How to improve my proof that $\{n \in\mathbb{Z}|\exists k \in \mathbb{Z}|n=4k+1\}= \{n \in \mathbb{Z}|\exists j \in \mathbb{Z}|n=4j-7\}$?

Question

I am not cheating my homework. This was already handed in, and handed back with a grade. I'm not sure if my teacher is a harsh grader, or if I really am doing as bad as she makes it out to be. I figured a few people here might be able to help me get this a little more solid since I'm at a loss as to what to do.

$A = \{n \in \mathbb{Z}|\exists k \in \mathbb{Z}|n=4k+1\}$

$B = \{n \in \mathbb{Z}|\exists j \in \mathbb{Z}|n=4j-7\}$

Prove $A=B$

Proof: We first show that $A \subseteq B$. Let $n \in A$ and show that $n \in B$. Since $n \in A$ and $n=4k+1$ for some fixed $k$ it implies that $n=4j-7$ for some unknown $j$. We set the two equations equal to eachother and solve for $j$.

$$4j-7=4k+1$$ $$4j=4k+8$$ $$j=k+2$$

Thus any $n \in A$ must be in $B$. We then show that $B \subseteq A$. Let $n \in B$ and show that $n \in A$. Since $n \in B$ and $n=4j-7$ for some fixed $j$ it implies that $n=4k+1$ for some unknown $k$. We set the two equations equal and solve for $k$.

$$4k+1=4j-7$$ $$4k=4j-8$$ $$k=j-2$$

Thus any $n \in B$ must be in $A$.

Thus $A \subseteq B$ and $B \subseteq A$ which proves that $A=B$ as required.

Answer 1

The problem is that your proof is kind of backwards. You assume $4j-7=4k+1$ and then solve for $j$. This is a valid way to find the $j$ you should choose, but in proofs, by assuming that equation, you are implicitly assuming that $A \subseteq B$ instead of proving it. Therefore, you need to start with $j=k+2$ and then show that such value of $j$ leads to $4j-7=4k+1$.

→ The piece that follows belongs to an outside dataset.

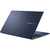 Notebook ASUS 15.6 I7-1260P, 16Gb, 512Gb, PCIE X1502ZA-EJ1550 ar24 - MaxTecno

This might seem odd because you're basically working in the reverse order of how you solved the problem, but often, how you originally solve your problem and what your proof is go in reverse order because we solve problems by assuming and manipulating equations in order to get down to something that is obviously true while we solve proofs by starting with those obviously true statements and then showing those equations are true.

To make this more clear, here's a quick re-writing of your proof:

We first show that $A \subseteq B$. Let $n \in A$ so that $n=4k+1$ for some integer $k$. Then, choose $j=k+2$ so that $j$ is also an integer. By multiplying this equation by $4$ and subtracting by $7$, we see $4j-7=4k+1$. This means $n=4j-7$ for some integer $j$, implying that $n \in B$.

We then show that $B \subseteq A$. Let $n \in B$ so that $n=4j-7$ for some integer $j$. Then, choose $k=j-2$ so that $k$ is also an integer. By multiplying this equation by $4$ and adding by $1$, we see $4k+1=4j-7$. This means $n=4k+1$ for some integer $k$, implying that $n \in A$.

Thus $A \subseteq B$ and $B \subseteq A$ which proves that $A=B$ as required.

Answer 2

$A=\{4k+1, \forall k \in \mathbb{Z}\} =\{4(k+2)-7, \forall k \in \mathbb{Z}\} =\{4j-7, \forall j \in \mathbb{Z}\} =B$.

Answer 3

Well, we have that $1\equiv -7\mod4$. So, the equivalence classes (via the equivalence relation $a$ related to $b$ if $a-b$ is a multiple of $4$, which is precisely $a\equiv b \mod 4$) in which $1$ and $-7$ are , are the same.